All that should be output is the block of lines below from the line with "论文中的理论模型与假设检验" to the line with "百分百 性爱百分百 | 第37话 第22页", both included, exactly as written.

Start of Record set

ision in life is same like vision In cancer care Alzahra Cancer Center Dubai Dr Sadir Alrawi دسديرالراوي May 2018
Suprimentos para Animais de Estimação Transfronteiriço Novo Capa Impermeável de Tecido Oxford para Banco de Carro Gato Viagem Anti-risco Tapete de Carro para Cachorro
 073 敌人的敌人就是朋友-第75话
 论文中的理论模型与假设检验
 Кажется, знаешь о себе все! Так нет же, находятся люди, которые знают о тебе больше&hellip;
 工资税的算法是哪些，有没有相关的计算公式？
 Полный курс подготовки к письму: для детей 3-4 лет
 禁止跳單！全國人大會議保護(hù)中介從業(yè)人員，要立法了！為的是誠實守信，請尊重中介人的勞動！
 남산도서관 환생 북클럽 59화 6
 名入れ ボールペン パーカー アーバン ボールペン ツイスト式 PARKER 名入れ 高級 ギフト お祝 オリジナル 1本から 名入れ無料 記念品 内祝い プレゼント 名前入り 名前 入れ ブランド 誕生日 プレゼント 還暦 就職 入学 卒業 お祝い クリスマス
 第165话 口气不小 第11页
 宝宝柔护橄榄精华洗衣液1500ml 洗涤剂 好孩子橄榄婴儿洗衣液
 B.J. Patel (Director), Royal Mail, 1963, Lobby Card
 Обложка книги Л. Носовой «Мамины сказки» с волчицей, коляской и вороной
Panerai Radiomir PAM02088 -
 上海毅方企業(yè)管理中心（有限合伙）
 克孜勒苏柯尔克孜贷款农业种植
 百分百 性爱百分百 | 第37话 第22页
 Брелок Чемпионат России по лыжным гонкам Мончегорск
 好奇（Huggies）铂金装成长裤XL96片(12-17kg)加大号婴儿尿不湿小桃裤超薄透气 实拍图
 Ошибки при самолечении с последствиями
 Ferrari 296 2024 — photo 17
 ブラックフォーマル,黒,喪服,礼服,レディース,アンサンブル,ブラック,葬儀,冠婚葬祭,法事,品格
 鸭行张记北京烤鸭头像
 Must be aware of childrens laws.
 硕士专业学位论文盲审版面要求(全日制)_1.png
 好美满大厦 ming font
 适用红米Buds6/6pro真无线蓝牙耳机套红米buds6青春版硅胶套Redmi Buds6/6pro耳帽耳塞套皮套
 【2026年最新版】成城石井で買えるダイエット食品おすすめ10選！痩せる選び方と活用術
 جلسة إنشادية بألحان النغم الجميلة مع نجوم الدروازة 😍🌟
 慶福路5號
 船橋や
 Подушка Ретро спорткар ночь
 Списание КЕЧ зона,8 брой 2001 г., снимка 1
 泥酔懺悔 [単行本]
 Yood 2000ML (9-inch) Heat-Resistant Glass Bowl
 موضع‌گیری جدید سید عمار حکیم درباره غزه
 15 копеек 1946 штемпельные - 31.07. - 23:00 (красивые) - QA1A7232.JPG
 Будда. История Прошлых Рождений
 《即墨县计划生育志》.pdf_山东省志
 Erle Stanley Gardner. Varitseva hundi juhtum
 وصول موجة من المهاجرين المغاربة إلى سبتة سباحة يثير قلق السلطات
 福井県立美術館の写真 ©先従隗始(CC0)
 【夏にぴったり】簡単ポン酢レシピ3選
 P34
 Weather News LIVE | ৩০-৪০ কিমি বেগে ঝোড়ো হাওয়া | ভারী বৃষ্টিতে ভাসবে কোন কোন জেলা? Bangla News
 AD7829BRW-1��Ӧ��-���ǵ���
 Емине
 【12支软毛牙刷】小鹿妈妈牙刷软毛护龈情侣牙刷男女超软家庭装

End of Record set

## Solved problem
 论文中的理论模型与假设检验
 Кажется, знаешь о себе все! Так нет же, находятся люди, которые знают о тебе больше&hellip;
 工资税的算法是哪些，有没有相关的计算公式？
 Полный курс подготовки к письму: для детей 3-4 лет
 禁止跳單！全國人大會議保護(hù)中介從業(yè)人員，要立法了！為的是誠實守信，請尊重中介人的勞動！
 남산도서관 환생 북클럽 59화 6
 名入れ ボールペン パーカー アーバン ボールペン ツイスト式 PARKER 名入れ 高級 ギフト お祝 オリジナル 1本から 名入れ無料 記念品 内祝い プレゼント 名前入り 名前 入れ ブランド 誕生日 プレゼント 還暦 就職 入学 卒業 お祝い クリスマス
 第165话 口气不小 第11页
 宝宝柔护橄榄精华洗衣液1500ml 洗涤剂 好孩子橄榄婴儿洗衣液
 B.J. Patel (Director), Royal Mail, 1963, Lobby Card
 Обложка книги Л. Носовой «Мамины сказки» с волчицей, коляской и вороной
Panerai Radiomir PAM02088 -
 上海毅方企業(yè)管理中心（有限合伙）
 克孜勒苏柯尔克孜贷款农业种植
 百分百 性爱百分百 | 第37话 第22页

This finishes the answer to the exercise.